Teaching self-education

There is no set method or strategy to teach students or anyone how to educate themselves, but rather to instill in them the mantra “learning never stops,” and to be “students of life.” Through their life experiences, they will continually learn. The first way to encourage students to educate themselves is to help them understand education is more than just school. Education facilitates acquiring knowledge, skills, values, morals, beliefs and habits.

Educational methods include teaching, training, storytelling, discussion and directed research. In addition, educational institutions should also emphasize everything that contains knowledge, whether it be a book, performance, movie, television show, sport, song, technique, etc. With students conceptualizing expertise is in everything, educational institutions can then use students’ interests, passions and hobbies as a way for them to start self-educating.

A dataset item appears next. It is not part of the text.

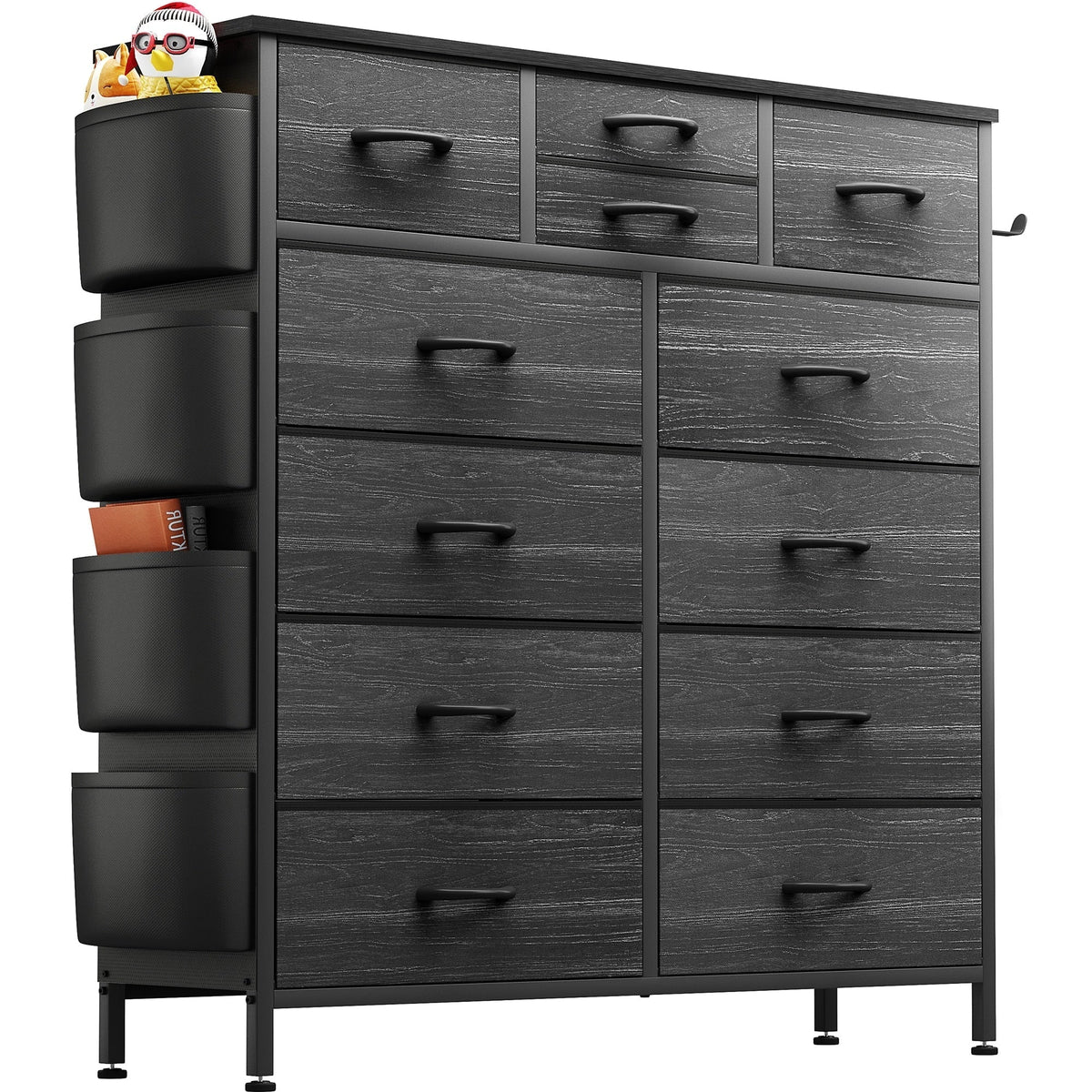 12 Drawer Fabric Dresser. Tall Bedroom Chest of Drawers with Storage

For example, if a student excels at basic math, the instructor may suggest the student read articles or watch creative videos about math to understand real world applications of the subject.

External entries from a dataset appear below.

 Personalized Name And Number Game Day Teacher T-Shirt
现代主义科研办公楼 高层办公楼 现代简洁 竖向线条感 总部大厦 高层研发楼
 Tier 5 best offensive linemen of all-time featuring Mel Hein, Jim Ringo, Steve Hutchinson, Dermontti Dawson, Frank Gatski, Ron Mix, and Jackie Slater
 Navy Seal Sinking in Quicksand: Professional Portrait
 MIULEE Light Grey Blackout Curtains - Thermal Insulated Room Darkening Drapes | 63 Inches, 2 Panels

Also, the instructor ought to emphasize to the students if they start learning on their own, they will become smarter, faster and potentially obtain a job for their talent and skills. With math being a student’s best talent, their interest in the subject should go beyond the classroom. A student may learn the history of mathematics, statistics and finances, how math affects society, and maybe find a new passion and go even further into studying the subject because they are eager to educate themselves.

Not only does self-education better prepare students for what they are learning, but also in all other areas and subjects such as reading, writing, math, history and science. Self-education is not about the institution, it is about the student. Students must take the initiative to want to be educated. Although telling students to educate themselves is good, it does not work most of the time because students feel the only time they should be learning is in school. The institutional structure may make students loathe learning entirely.

Adding self-education courses to curriculum

Sagitova further argues: “We are keen to talk to students about the importance of becoming autonomous learners. But just telling students that autonomy is in some way a good thing will have little effect unless it is a part of wider course design — and unless we find ways of helping students to become more independent.”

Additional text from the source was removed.